Matthews and his teammates will have plenty of opportunities to try.
Toronto and Edmonton play at Scotiabank Arena on Wednesday (7 p.m. ET; NBCSN, SN, TVAS) in the first of nine games this season between the two teams and two of the top players in the NHL. It’s a delicious rivalry that has the hockey world buzzing.
“The fact that we get to see these two face off nine times is great for the game, great for hockey fans, and great for a rivalry that’s only going to get more heated,” former Oilers and Maple Leafs goalie Curtis Joseph said. “Seeing these two on the ice at the same time for this many times should be special for all of us associated with the sport.”
To Joseph’s point: Matthews and McDavid each scored a goal in their most recent matchup, a 6-4 Edmonton victory in Toronto on Jan. 6, 2020, that featured an end-to-end goal by McDavid, who also had three assists.
“He brought me out of my seat,” Wayne Gretzky said after McDavid’s goal.
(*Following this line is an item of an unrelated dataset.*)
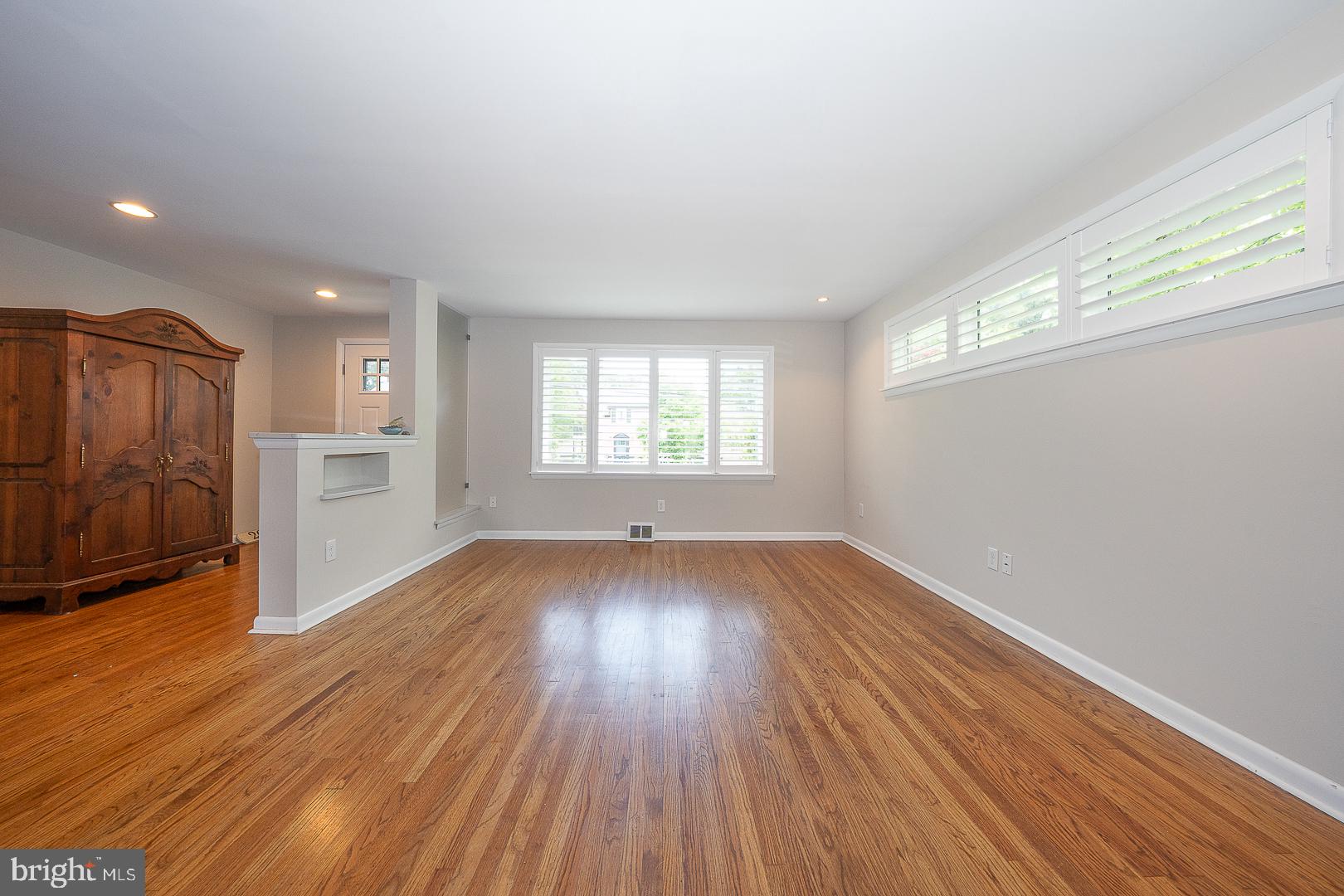 20 Fairview Road Swarthmore, PA 19081 - Photo 7 of 57 an empty room with wooden floor and windows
Matthews, 23, and McDavid, 24, each was selected No. 1 in the NHL Draft; McDavid by the Oilers in 2015, Matthews by the Maple Leafs the following year. In the four seasons since Matthews joined the NHL, McDavid leads all players in points with 426 (149 goals, 277 assists), and Matthews is second in goals (159) to Alex Ovechkin of the Washington Capitals, who has 182.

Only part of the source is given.